Ho chiesto. Vale anche per Berlino ovest? Auch fuer West Berlin? E poi l’ultima: Ab wann? Cioè da quando? Per me è stato chiarissimo. Nel momento in cui lui ha detto che c’era la possibilità di andare a ovest senza passaporto e senza visto da subito, per me è stato chiarissimo. Il muro è caduto. Anni dopo ho rivisto Schabowski. Sono andato a casa sua, ci siamo abbraccati. E lui mi ha detto: "Tu mi hai dato la spinta per fare l’annuncio. Ero innervosito, tu mi hai fatto questa domanda provocatoria e mi hai davvero spinto a dare l’annuncio". Poi mi ha dato una copia di quella conferenza stampa, con il testo originale e le annotazioni.
Come ha dato la notizia?
Telefonai subito all’Ansa.
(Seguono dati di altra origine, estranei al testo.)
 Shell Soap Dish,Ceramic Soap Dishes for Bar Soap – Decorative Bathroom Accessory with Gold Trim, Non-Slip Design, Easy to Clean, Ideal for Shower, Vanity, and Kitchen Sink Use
Telefonai dicendo: “Un annuncio che equivale alla caduta del muro è stato dato stasera dal portavoce. E poi il seguito: il portavoce Gunter Schabowski ha detto che da questo momento i tedeschi orientali possono varcare tutte le frontiere, comprese quelle occidentali, senza necessità di passaporto o di visto e solo con un documento di identità valido.
Che cosa hanno detto a Roma?
Ho sentito la voce di qualche collega che stava dicendo: "Riccardo è impazzito!"
Ci sono stati molti riconoscimenti per quella domanda...
Il mio merito non è quanto aver fatto la domanda ma di aver capito la risposta. Come giornalista posso dire forse ho fatto un buon lavoro e spero di averlo fatto. Pochi giorni dopo, ho visto Willy Brandt. Lui si è alzato, mi ha abbracciato con entusiasmo e mi ha detto kurze Frage, enorme Wirkung, che vuol dire piccola domanda, effetto enorme.